O brasileiro relativiza o absurdo com uma facilidade enorme. Você tem algumas centenas de prédios condenados, prestes a desabar, com pessoas vivendo lá dentro. As autoridades públicas sabem disso, mas se arrastam para tomar decisões. Até que desaba um edifício, pessoas morrem.
Você tem milhares de pessoas vivendo em situação de risco com barreiras, em áreas de morro. Toda chuva gera terror e a apreensão de que deslizamentos venham a provocar mortes. Mas somente na chuva forte ou na tragédia posterior é que há movimentação efetiva dos órgãos públicos.
Mesmo assim, moradia não é um assunto tratado como tema urgente no Brasil. Mesmo assim, políticos costumam esperar agendas eleitorais propícias para fazer entrega de residências.
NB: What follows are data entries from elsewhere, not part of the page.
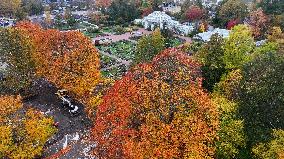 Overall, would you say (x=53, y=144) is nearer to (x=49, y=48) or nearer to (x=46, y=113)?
(x=46, y=113)

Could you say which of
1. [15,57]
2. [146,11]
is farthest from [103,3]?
[15,57]

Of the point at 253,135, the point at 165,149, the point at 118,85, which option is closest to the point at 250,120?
the point at 253,135

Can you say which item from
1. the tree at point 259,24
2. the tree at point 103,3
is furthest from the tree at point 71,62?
the tree at point 103,3

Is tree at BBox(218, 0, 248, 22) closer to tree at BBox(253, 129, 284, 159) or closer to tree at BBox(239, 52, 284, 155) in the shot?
tree at BBox(239, 52, 284, 155)

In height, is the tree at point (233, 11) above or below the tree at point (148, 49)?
below

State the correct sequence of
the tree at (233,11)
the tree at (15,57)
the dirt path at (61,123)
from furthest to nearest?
the tree at (233,11) → the tree at (15,57) → the dirt path at (61,123)

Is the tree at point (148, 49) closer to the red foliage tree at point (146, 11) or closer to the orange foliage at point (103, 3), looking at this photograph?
the red foliage tree at point (146, 11) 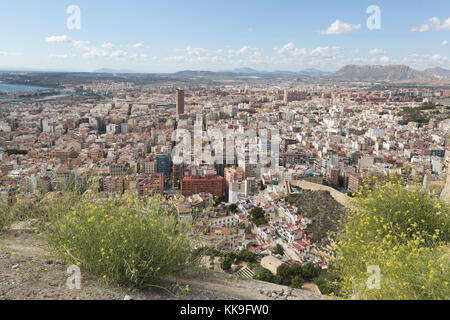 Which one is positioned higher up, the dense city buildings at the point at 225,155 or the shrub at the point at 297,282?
the dense city buildings at the point at 225,155

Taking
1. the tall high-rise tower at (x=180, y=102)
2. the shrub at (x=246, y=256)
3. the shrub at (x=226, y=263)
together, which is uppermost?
the tall high-rise tower at (x=180, y=102)

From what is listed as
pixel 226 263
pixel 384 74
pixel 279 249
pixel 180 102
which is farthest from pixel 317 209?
pixel 384 74

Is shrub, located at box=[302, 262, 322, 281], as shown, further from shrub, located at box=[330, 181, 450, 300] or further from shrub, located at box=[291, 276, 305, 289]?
shrub, located at box=[330, 181, 450, 300]

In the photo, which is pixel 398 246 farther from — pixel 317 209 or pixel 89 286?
pixel 317 209

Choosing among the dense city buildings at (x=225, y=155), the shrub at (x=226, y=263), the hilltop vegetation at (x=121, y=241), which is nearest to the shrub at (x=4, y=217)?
the dense city buildings at (x=225, y=155)

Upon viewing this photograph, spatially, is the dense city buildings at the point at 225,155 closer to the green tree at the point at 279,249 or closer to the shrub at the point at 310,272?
the green tree at the point at 279,249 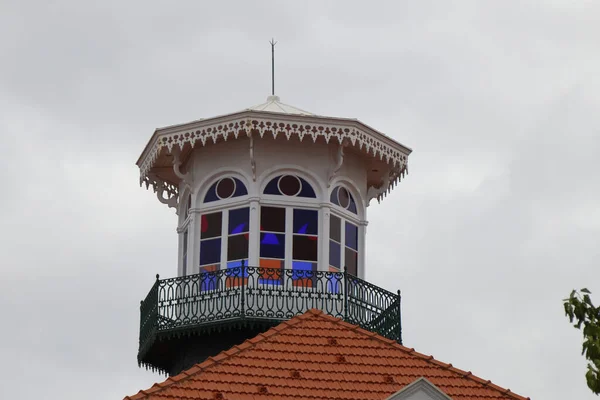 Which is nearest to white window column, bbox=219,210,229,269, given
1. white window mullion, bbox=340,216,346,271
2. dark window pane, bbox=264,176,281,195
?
dark window pane, bbox=264,176,281,195

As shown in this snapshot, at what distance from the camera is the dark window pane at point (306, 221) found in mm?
35031

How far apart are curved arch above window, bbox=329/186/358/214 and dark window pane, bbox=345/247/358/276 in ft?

Mesmo assim, habitacionais inteiros ficam fechados, quase prontos, aguardando pequenos entraves burocráticos serem resolvidos.
Os prédios do Encanta Moça, por exemplo, ficaram praticamente prontos aguardando ajustes no contrato e instalações da Compesa.
A Compesa não tinha realizado ainda a compra dos conjuntos motobombas e quadros elétricos da elevatória. São dezesseis blocos com 600 apartamentos, que começaram a ser construídos em 2019, e estavam prontos, mas vazios.
Tudo enquanto a população de rua e vivendo em áreas de risco só aumentou na cidade.
Outro absurdo relativizado no país são as torcidas de futebol que se ocupam de quebrar patrimônio alheio, bater e matar, mas com quem se gasta recurso público designando policiais para reduzir danos. E acaba se tornando comum a cena de policiais escoltando torcedores bandidos pelas ruas para tentar evitar um caos maior.
Esses grupos violentos trabalham contra o futebol, afastam cidadãos dos estádios e prejudicam o esporte contaminando com ódio, intolerância e selvageria o que deveria ser apenas paixão genuína e diversão. Pior ainda, muitos são patrocinados e mantidos pelos próprios dirigentes de clubes.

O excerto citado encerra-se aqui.